C’est pourquoi dix projets pilotes ont été retenus. Ceux-ci permettent de construire des passerelles entre le local et le global, l’abstraction standardisée et les études de cas concrètes ; en d’autres termes, et pour reprendre ceux d’Achille Davy-Rigaux, ils permettent de résoudre la difficulté « d’adopter des standards communs sans niveler les spécificités de chaque projet ».
Outre leur mission de coordonner les différentes faces de Polifonia et de mettre en synergie tous ces chercheurs provenant de différents horizons, les deux musicologues de l’Iremus travaillent eux-mêmes au projet « Tonalities », qui explore l’organisation interne du langage musical tonal et pré-tonal en Europe occidentale. Ce pilote a pour objectif de mettre en lumière l’histoire du langage musical, tout en essayant de montrer à quel point la perception de cette évolution dépend des grilles de lecture théoriques, historiques et philosophiques adoptées.
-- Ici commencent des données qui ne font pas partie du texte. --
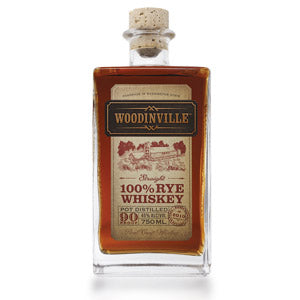 Woodinville 100% Rye Whiskey 750ml
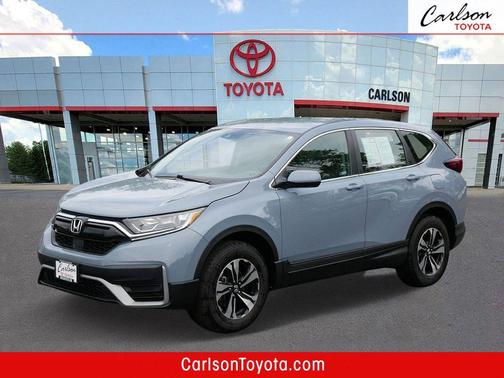 Modern Steel Metallic 2022 Honda CR-V AWD Special Edition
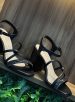 sandália strass preto ramarim 24 41203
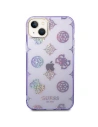 Hurtownia GSM - Etui Guess GUHCP14SHTPPTL Apple iPhone 14 liliowy/lilac hard case Peony Glitter - GUE2122 - {ean13} - Hurt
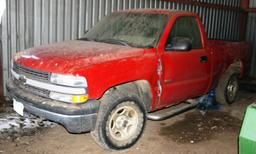 2002 Chevy Pickup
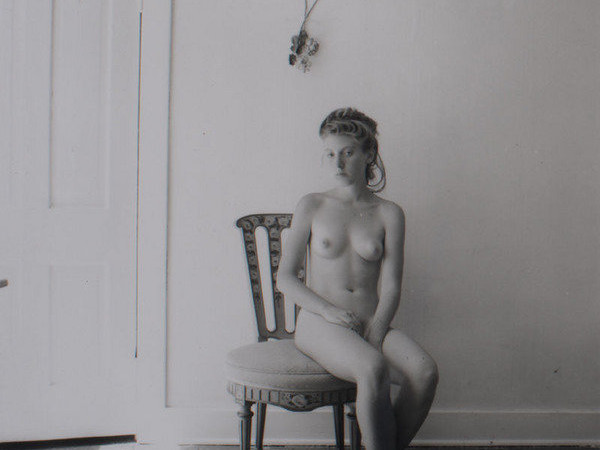 Francesca Woodman, Untitled, Providence, Rhode Island, 1978, printed 2008, gelatine silver estate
Malgré le travail colossal qu’il leur faut accomplir, les deux chercheurs – qui collaborent dans le cadre de ce projet avec Thomas Bottini, Philippe Cathé et Marco Gurrieri, également membres de l’Iremus – se veulent optimistes, car ils espèrent que la méthodologie scientifique et les innovations techniques développées pour Polifonia pourront, à terme, servir l’ensemble des sciences humaines et sociales. Sous cet angle, Polifonia apparaît comme une « plaque tournante » de la recherche, un véritable « carrefour entre différentes disciplines » selon Achille Davy-Rigaux. Son collègue abonde dans le même sens. Pour Christophe Guillotel-Nothmann, Polifonia confronte une question cruciale en sciences humaines et sociales : dans ce type de recherche, « on ne produit pas seulement des observations quantifiables, mais on conçoit des méthodes et des approches qui nous permettent de vérifier des hypothèses qualitatives et de confronter nos points de vue interprétatifs ». En mêlant standardisation de données et approches exploratoires singulières, Polifonia pourrait devenir le « laboratoire de cette question épistémologique » qu’il appelle de ses vœux.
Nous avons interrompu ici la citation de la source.